**Instructions for the task:**
Bring together all lines of the material below that contain the string "Pink".

**Task data:**
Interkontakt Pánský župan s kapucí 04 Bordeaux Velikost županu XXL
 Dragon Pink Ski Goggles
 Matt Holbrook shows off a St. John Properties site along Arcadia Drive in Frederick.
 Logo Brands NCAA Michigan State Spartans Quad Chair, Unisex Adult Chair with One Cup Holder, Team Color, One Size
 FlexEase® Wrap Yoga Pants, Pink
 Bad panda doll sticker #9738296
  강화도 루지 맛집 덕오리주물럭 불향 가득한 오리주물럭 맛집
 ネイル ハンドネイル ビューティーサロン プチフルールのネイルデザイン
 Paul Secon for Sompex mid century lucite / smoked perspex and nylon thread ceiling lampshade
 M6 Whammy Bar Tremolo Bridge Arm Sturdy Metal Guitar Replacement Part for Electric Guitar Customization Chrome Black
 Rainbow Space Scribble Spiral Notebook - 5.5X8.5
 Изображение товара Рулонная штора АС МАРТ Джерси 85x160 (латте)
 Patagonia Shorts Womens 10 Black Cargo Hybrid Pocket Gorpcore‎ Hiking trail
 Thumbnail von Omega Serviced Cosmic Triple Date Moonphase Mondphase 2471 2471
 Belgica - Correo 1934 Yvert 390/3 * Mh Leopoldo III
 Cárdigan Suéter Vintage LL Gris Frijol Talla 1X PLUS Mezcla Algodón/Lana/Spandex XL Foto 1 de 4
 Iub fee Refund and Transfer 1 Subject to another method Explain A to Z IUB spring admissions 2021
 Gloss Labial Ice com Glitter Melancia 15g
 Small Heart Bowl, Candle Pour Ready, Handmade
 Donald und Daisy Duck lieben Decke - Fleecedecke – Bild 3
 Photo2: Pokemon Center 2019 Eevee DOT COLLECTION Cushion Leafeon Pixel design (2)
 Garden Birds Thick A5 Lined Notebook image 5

**Written answer:**
 Dragon Pink Ski Goggles
 FlexEase® Wrap Yoga Pants, Pink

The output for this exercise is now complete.